Submitted by Dirk Rolker 5th April 2013 5:53

The mainstay of the economy in the Indian Sundarbans is agriculture, supplemented by fishing and fishery-related activities. Agriculture is dominated by paddy cultivation, which is made possible by raising embankments along the periphery of the inhabited islands to check saltwater inflow.

The project region of Mousuni Island faces acute problems in the form of accelerated coastline erosion due to extreme weather events such as storms and floods, which have led to the breach of embankments. Since 1969 coastal erosion has reduced island area by one sixth: at the same time the population has tripled.
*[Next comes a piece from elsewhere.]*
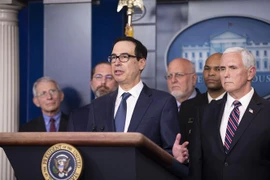 Bộ trưởng Tài chính Mỹ Steven Mnuchin (giữa) trong cuộc họp báo tại Nhà Trắng. (Nguồn: THX/TTXVN)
Since severe storms are likely to become even more frequent, and since the sea level is expected to rise, the threat of damage to agricultural lands, property and human and animal life will increase. With breaches in the embankment, saline river water flows into farmland areas and damages crops. When land is entirely flooded or when flooding makes it uncultivable, small-scale farmers either turn to fishing or migrate as unskilled labourers, thereby accepting a lower quality of life.

The project responds to the increased vulnerability of the population of the Sundarbans. It enables communities to adapt to climatic changes, e.g. by identifying areas that are especially prone to flooding and introducing suitable salt-tolerant paddy and fish varieties there. It also helps the population prepare to cope with extreme climatic events and disasters. Especially on Mousuni Island climate change adaptation can significantly reduce poverty, since around 70% of the island's families depend on rain-fed agriculture and live below the poverty line – that is, on less than USD 1.25 per day.

Implementation

This project is a joint undertaking of the project Climate Change Adaptation in Rural Areas of India (CCA RAI), the West Bengal University of Animal and Fishery Sciences (WBUAFS) and The World Wide Fund for Nature, India (WWF-India).

CCA RAI is jointly implemented by the Indian Ministry of Environment and Forest (MoEF) and the German development organisation Deutsche Gesellschaft für Internationale Zusammenarbeit (GIZ) GmbH.